GMU’s latest comprehensive Ph.D. Microeconomics exam included the following question:
If the observed education premium is 100% due to signaling, controlling for intelligence will NOT reduce estimates of the effect of education on earnings.
No one got full credit, and 90% of students incorrectly answered FALSE.
Using these hints, can you compose an answer worthy of full credit?
Try your luck in the comments! I’ll post my preferred answer next week.
This question is pretty tough to translate to English.
So: we're trying to estimate the effect of education on earnings. We have a scenario where the education premium is exclusively created by signaling. What exactly is our education signaling though?

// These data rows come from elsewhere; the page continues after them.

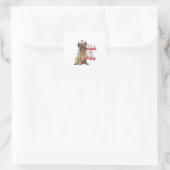 Nurse Pug Vierkante Sticker (Tas)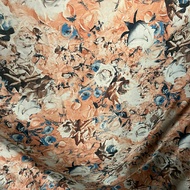 PREMIUM SILK SATIN FABRIC WITH ABSTRACT MOTIF - ABSTRACT MOTIF SATEN FABRIC - ABSTRACT MOTIF FABRIC 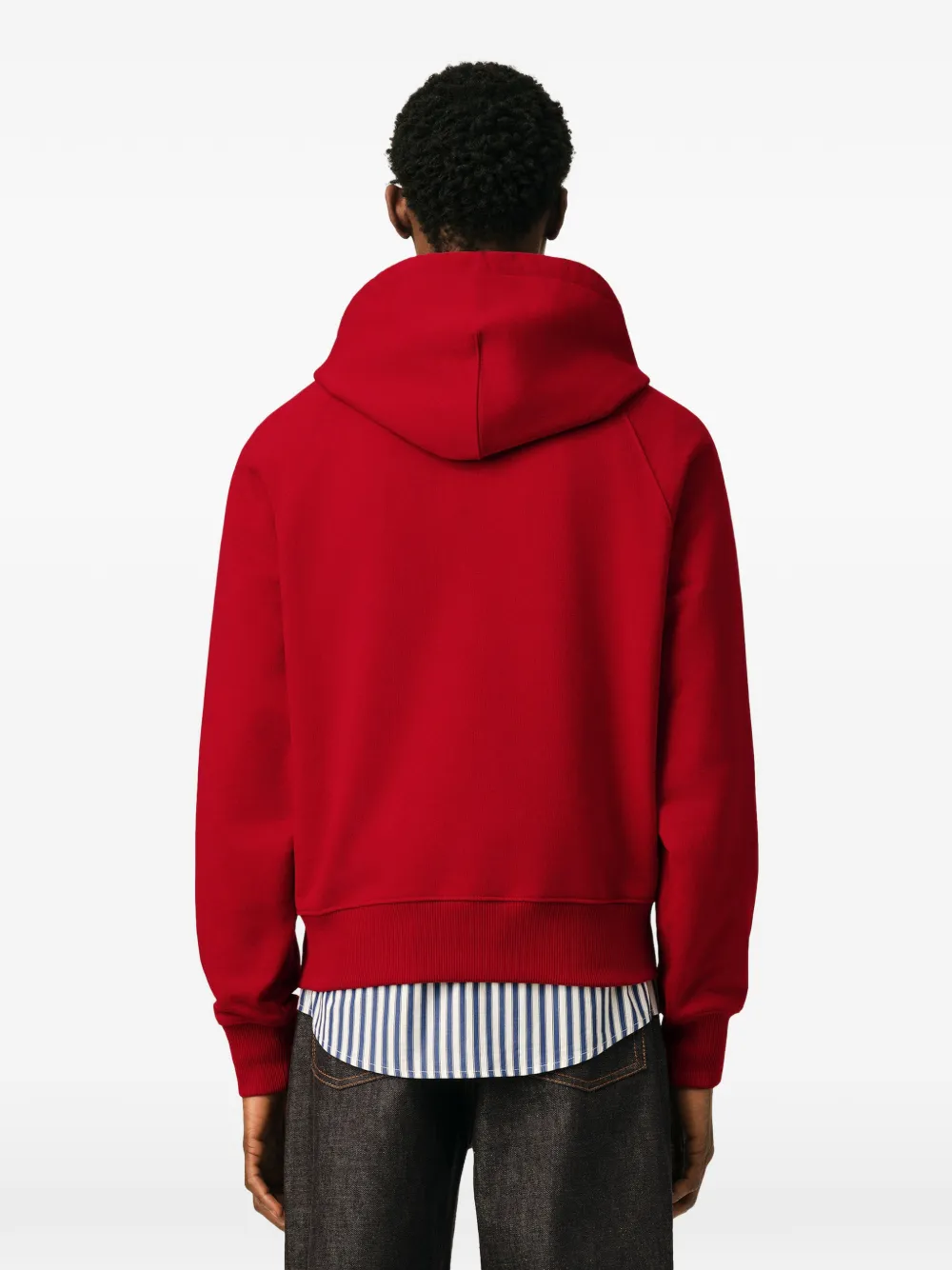 AMI Paris Katoenen hoodie met -borduurwerk Rood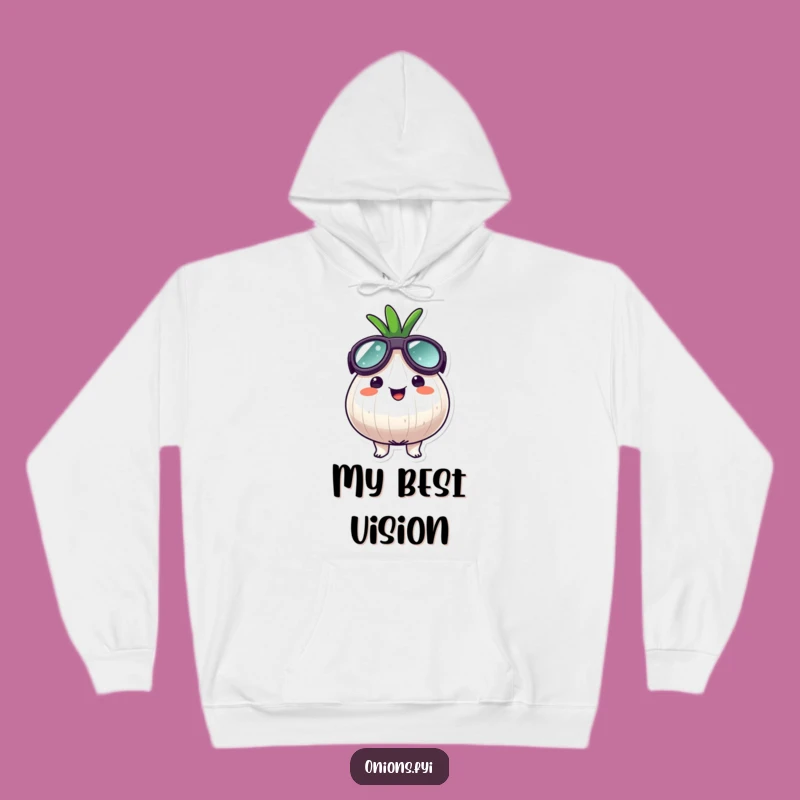 Funny Goggle Onion Hoodie - Cozy Comfort for Happy Explorers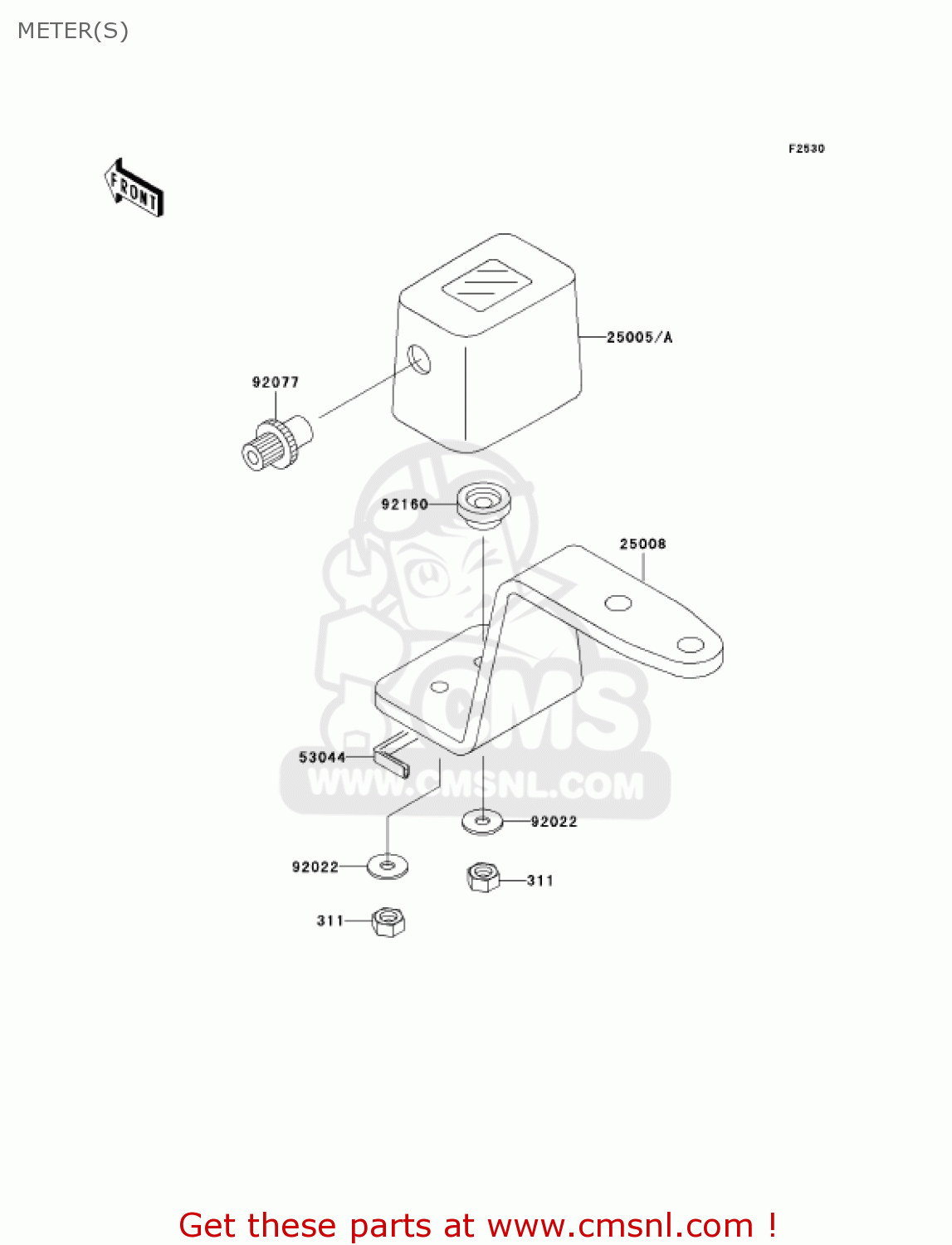 METER(S) KLX300A9 KLX300R 2004 USA CALIFORNIA CANADA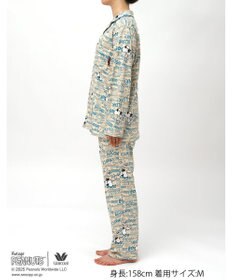 WACOAL ワコール_リラックス＆スリープ パジャマ 長袖 長ズボン オーガニックコットン100%(本体) PEANUTS スヌーピー レディース FDX552 /ワコール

Does it signal that I have some set of character traits (ie: commitment and work ethic sufficient to complete a degree), that I have special knowledge (ie: knowledge of my field), or that I have a certain degree of intelligence (ie: more because I went to Brown instead of Arizona State)? Does it signal all of the above?
If the value of my education is due to the fact that it signals I am intelligent, then controlling for intelligence when seeking the effect of that observed education premium on income would certainly reduce the estimate -since it would mitigate the signaling effect, given the well-established connection between IQ and income- making this statement FALSE.
It seems that even in normal circumstances, where even a part of the observed education premium is determined by signaling (which includes signaling of one's intelligence), that controlling for intelligence WOULD reduce the estimate of the effect of education on earnings. I don't see why things would be different in a scenario where 100% of that observed premium is due to signaling -not unless 'signaling' doesn't include 'signaling intelligence', which isn't specified in the question.
I'm obviously not an economist. Does the statement '100% due to signaling' mean something very specific in economics, such that these students would have been expected to know ahead of time? Maybe I'm misunderstanding what exactly the 'observed' education premium is?
If the education premium is 100% due to signaling, then the signal is perfectly correlated with higher levels of productivity (thus income in a competitive labor market), no matter what factors contribute to productivity. That means that controlling for *any* factor, intelligence or otherwise, will not reduce the estimate of the effect of education on earnings.